*EXERCISE GOAL*.
Copy each line below that has "Hyundai".
══ DATA SHOWN
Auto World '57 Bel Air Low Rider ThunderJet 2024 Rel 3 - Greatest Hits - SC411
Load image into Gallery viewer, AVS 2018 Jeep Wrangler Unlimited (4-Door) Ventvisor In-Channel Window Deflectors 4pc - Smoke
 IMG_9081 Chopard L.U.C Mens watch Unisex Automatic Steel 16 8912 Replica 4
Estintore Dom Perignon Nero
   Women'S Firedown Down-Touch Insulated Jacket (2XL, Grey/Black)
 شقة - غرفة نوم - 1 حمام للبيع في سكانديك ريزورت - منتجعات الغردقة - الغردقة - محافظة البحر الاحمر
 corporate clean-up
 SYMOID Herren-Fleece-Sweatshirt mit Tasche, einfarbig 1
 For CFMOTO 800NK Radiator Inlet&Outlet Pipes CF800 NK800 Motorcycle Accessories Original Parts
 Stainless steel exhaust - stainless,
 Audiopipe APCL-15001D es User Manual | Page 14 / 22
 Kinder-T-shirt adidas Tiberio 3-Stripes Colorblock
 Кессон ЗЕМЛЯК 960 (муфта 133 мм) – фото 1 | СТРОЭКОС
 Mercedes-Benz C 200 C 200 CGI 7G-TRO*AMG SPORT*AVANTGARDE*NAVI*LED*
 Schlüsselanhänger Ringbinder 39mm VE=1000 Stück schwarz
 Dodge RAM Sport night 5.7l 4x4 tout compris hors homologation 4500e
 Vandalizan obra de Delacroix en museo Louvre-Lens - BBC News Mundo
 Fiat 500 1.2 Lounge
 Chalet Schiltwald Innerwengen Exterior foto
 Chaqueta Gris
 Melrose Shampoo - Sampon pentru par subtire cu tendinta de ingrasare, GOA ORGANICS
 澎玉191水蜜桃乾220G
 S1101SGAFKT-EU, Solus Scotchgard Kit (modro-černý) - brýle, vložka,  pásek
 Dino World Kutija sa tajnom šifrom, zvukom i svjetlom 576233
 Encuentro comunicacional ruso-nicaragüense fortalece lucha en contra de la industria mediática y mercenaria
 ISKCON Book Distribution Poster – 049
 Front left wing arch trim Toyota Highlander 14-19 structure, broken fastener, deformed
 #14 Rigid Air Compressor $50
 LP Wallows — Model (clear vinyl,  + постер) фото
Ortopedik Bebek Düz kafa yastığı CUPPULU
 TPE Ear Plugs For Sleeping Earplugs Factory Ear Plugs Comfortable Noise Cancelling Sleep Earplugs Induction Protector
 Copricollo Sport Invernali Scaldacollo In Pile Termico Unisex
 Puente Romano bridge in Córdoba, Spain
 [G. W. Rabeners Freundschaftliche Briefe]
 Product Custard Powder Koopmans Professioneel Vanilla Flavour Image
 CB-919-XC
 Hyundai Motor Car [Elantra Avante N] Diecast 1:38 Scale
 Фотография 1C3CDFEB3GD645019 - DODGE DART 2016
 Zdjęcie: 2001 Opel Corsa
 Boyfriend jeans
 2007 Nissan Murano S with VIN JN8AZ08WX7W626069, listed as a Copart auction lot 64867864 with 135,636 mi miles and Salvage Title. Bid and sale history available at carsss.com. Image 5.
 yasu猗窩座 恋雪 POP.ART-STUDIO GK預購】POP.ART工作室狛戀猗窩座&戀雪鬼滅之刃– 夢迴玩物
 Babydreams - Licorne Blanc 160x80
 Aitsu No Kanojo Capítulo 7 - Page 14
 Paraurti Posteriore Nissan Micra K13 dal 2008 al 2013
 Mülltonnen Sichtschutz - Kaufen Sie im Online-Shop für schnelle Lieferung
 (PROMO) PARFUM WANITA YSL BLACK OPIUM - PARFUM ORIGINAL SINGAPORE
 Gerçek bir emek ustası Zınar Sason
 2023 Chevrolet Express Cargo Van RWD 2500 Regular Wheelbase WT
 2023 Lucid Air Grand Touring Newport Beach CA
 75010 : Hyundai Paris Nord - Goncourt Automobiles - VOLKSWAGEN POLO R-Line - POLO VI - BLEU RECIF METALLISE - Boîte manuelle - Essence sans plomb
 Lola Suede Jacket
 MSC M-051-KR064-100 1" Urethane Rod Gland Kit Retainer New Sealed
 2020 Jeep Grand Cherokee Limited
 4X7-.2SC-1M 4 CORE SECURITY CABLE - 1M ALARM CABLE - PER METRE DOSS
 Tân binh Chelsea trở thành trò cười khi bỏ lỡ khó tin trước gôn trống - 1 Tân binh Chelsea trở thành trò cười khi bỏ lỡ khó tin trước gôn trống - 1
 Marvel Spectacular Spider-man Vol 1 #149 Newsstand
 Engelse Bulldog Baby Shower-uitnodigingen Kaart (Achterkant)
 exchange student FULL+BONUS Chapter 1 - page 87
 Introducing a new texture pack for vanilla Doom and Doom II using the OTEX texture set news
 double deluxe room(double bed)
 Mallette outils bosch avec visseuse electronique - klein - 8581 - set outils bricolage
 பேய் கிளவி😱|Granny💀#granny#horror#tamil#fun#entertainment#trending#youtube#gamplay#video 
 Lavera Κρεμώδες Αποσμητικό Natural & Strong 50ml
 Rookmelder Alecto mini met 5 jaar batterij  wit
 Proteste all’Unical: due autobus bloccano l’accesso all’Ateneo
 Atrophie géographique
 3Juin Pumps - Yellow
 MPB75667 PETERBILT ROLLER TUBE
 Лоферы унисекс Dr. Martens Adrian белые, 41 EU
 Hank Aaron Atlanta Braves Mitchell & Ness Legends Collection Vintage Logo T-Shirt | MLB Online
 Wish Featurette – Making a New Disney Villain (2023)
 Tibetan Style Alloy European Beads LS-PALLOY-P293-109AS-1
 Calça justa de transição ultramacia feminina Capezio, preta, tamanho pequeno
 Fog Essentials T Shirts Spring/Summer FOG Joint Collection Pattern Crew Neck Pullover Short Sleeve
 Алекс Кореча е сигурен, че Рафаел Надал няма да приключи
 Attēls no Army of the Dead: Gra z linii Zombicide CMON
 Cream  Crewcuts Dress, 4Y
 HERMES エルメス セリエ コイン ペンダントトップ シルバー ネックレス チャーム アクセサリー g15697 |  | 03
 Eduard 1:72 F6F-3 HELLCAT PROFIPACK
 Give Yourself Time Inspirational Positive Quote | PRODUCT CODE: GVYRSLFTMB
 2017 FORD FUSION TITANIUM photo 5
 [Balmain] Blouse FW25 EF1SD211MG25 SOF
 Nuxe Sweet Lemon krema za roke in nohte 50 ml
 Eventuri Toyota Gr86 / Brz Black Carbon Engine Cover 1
════
*ANSWER SECTION*.
 Hyundai Motor Car [Elantra Avante N] Diecast 1:38 Scale
 75010 : Hyundai Paris Nord - Goncourt Automobiles - VOLKSWAGEN POLO R-Line - POLO VI - BLEU RECIF METALLISE - Boîte manuelle - Essence sans plomb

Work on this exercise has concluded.